** PROBLEM TO WORK ON **
Beginning with the line below that contains "Barbie i orange" and ending with the line that contains "Photo of 5213", retype every line exactly. Pictures are not copied.

** DATA PROVIDED **
- - -
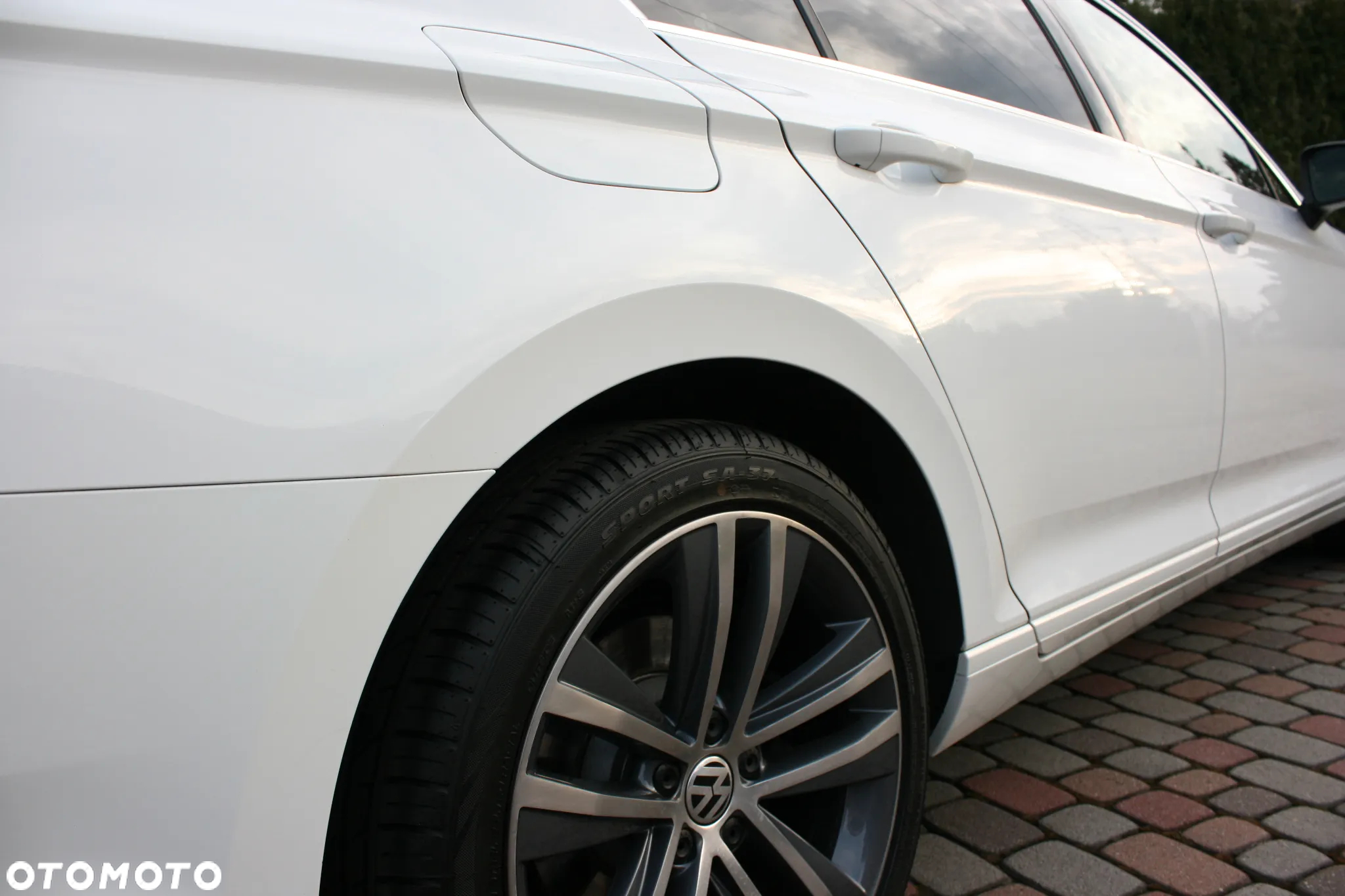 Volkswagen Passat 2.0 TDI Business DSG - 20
- - -
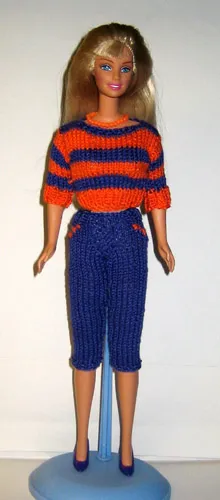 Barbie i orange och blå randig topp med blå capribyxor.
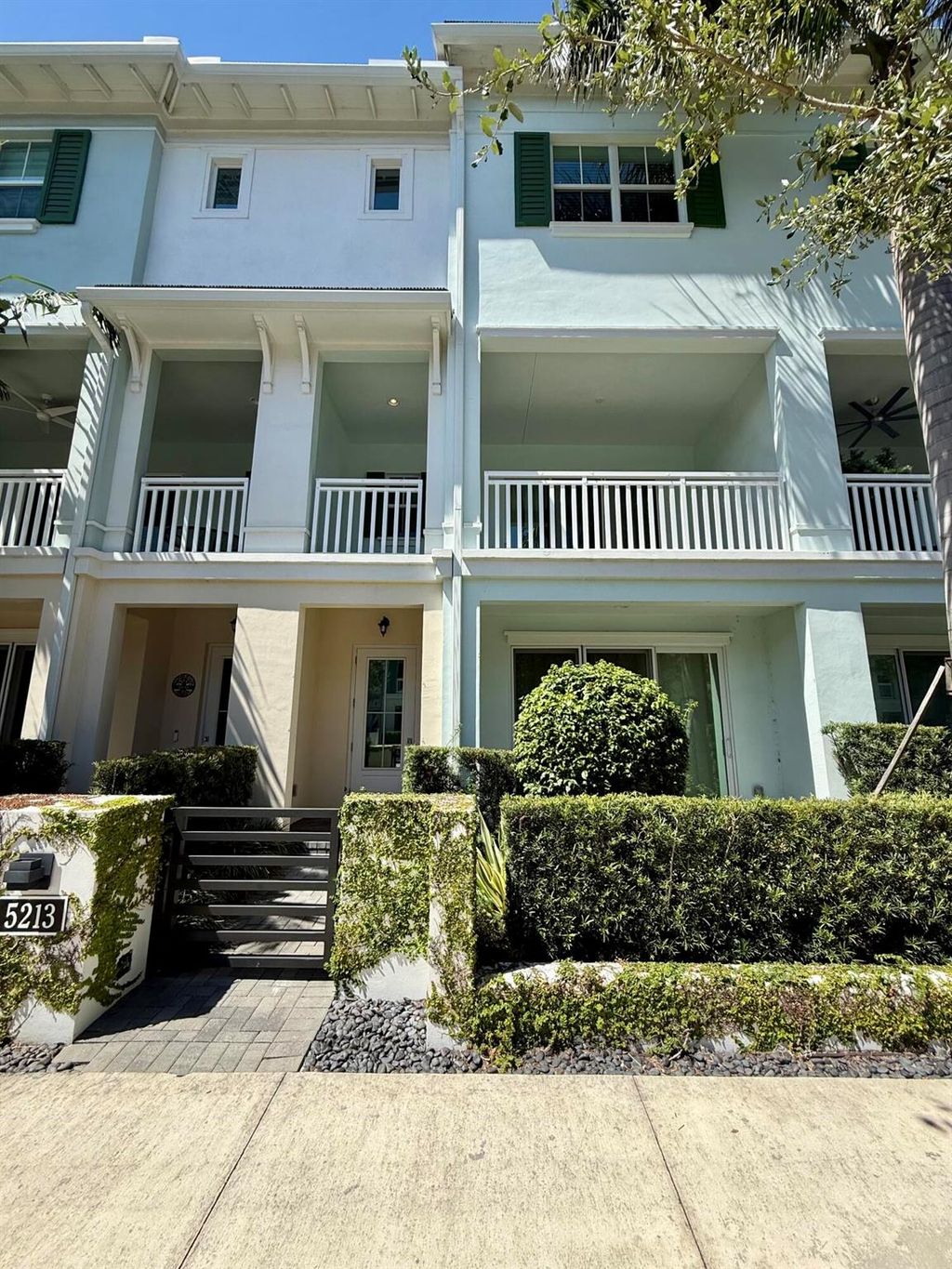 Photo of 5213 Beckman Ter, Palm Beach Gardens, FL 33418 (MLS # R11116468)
- - -
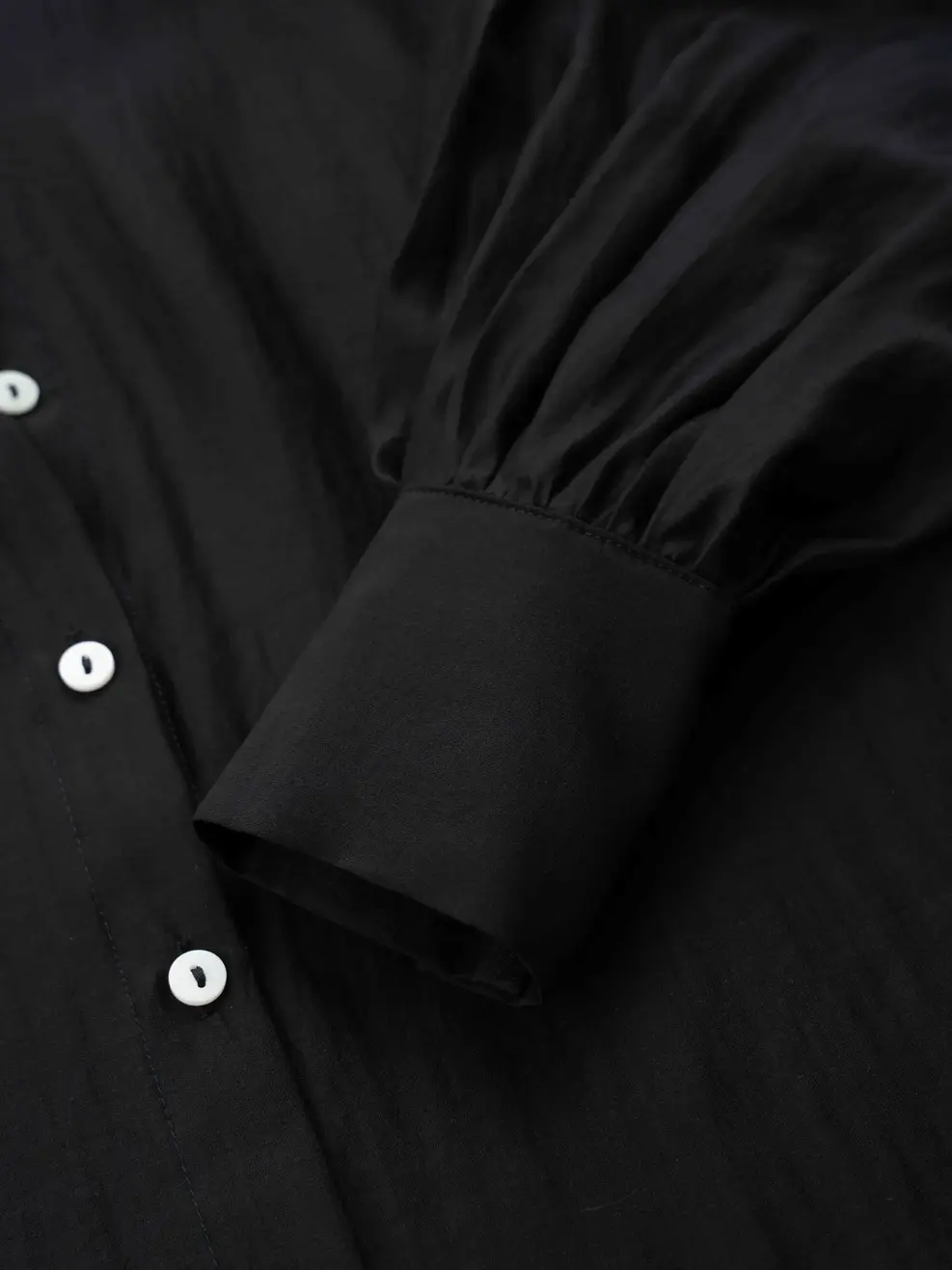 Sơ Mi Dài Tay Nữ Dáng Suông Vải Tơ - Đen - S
- - -
** SOLUTION TO THIS TASK **
 Barbie i orange och blå randig topp med blå capribyxor.
 Photo of 5213 Beckman Ter, Palm Beach Gardens, FL 33418 (MLS # R11116468)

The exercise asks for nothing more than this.